Your friend reasons that magenta and yellow paint mixed together will produce red because magenta is a combination of red and blue and yellow is a combination of red and green - and that the color in common is red. Do you agree or disagree, and why?

Agree, for the "light mathematics" is correct.

Why does a high-flying airplane cast little or no shadow on the ground below while a low-flying airplane casts a sharp shadow?

Any shadow cast by a faraway object such as a high-flying plane is filled in mainly by light tapering in from the Sun, which is not a point source. This tapering is responsible for the umbra and penumbra of solar eclipses. If the plane is low to the ground, however, the tapering of light around the airplane may be insufficient to fill in the shadow, part of which can be seen.

Light will not pass through a pair of Polaroid sheets when they are aligned perpendicularly. However, if a third Polaroid is sandwiched between the two with its alignment halfway between the alignments of the other two (that is, with its axis making a 45° angle with each of the other two alignment axes), some light does get through. Why?

Call the three Polaroids 1, 2, and 3. The first one acts as a polarizer of the unpolarized light, ideally letting half of it through with a specific polarization direction that is perpendicular to the axis of Number 3. So when only 1 and 3 are present, no light gets through. But Number 2, when placed between 1 and 3, is illuminated by light aligned at 45 degrees to its axis, so it lets half of the light through. The light striking Number 3 is now aligned at 45° to the axis of Number 3. So Number 3 transmits half of the light that strikes it. (The amount that gets through is one-eighth of the original intensity.)

You can get a sunburn on a cloudy day, but you can't get a sunburn even on a sunny day if you are behind glass. Explain.

Clouds are transparent to ultraviolet light, which is why clouds offer no protection from sunburn. Glass, however, is opaque to ultraviolet light, and will therefore shield you from sunburn.

Why does no stable electron orbit with a circumference of 2.5 de Broglie wavelengths exist in any atom?

Constructive interference to form a standing wave requires an integral number of wavelengths around one circumference. Any number of de Broglie wavelengths not equal to a whole number would lead to destructive interference, preventing the formation of a standing wave.

What evidence can you cite for the wave nature of light? For the particle nature of light?

Diffraction, polarization, and interference are evidence of the wave nature of light; the photoelectric effect is evidence of the particle nature of light.

The intensity of light decreases as the inverse square of the distance from the source. Does this mean that light energy is lost? Explain.

Energy is spread out and diluted, but not "lost." We distinguish between something being diluted and something being annihilated.
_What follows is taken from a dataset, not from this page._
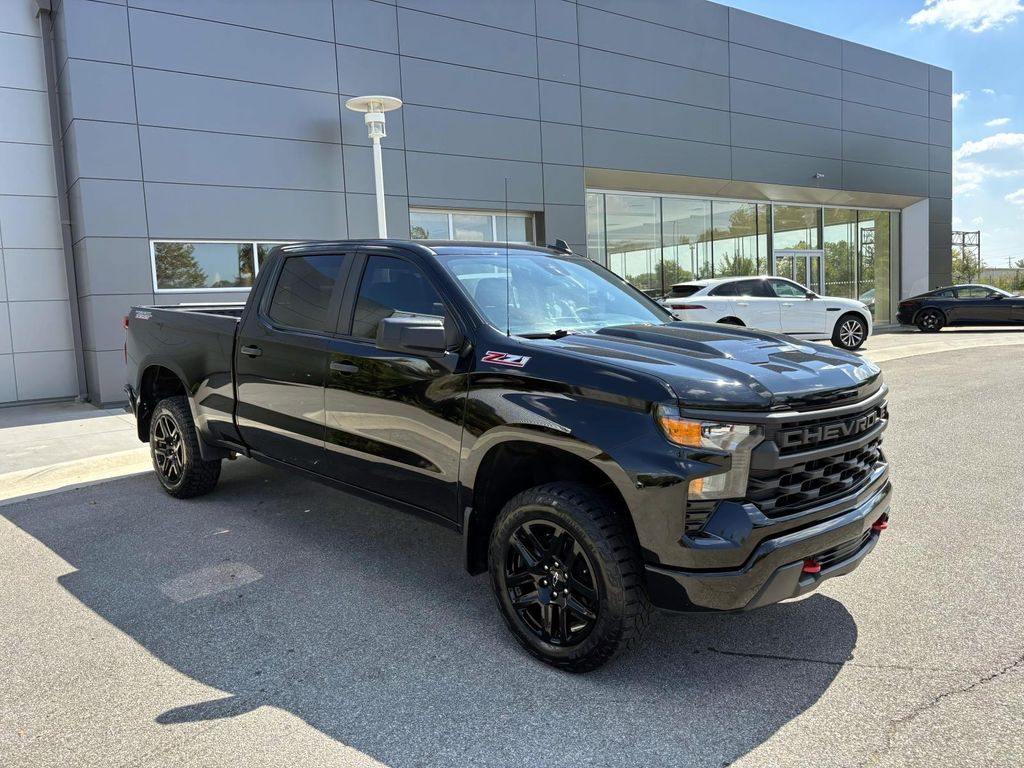 2023 Chevrolet Silverado 1500 Custom Trail Boss Crew Cab 4WD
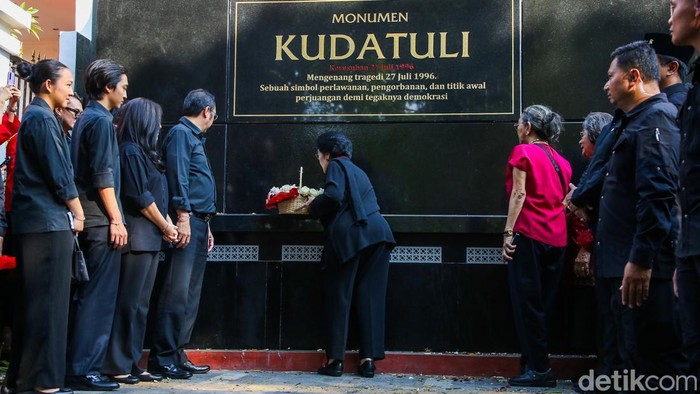 Peringati 30 Tahun Kudatuli, Megawati Resmikan Monumen Perjuangan Ketua Umum Partai Demokrasi Indonesia Perjuangan (PDIP) Megawati Soekarnoputri meresmikan Monumen Kudatuli di Kantor DPP PDIP, Jakarta, Senin (27/7/2026).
In accord with the inverse-square law, light intensity gets weaker with distance, but the total amount of light over a spherical surface is the same at all distances from the source.

Why are fabrics that fluoresce when exposed to ultraviolet light so bright in sunlight?

Fabrics and other fluorescent materials produce bright colors in sunlight because they both reflect visible light and transform some of the Sun's ultraviolet light into visible light. They literally glow when exposed to the combined visible and ultraviolet light of the Sun.

Fermat's principle is of least time rather than of least distance. Would least distance apply as well for reflection? For refraction? Why are your answers different?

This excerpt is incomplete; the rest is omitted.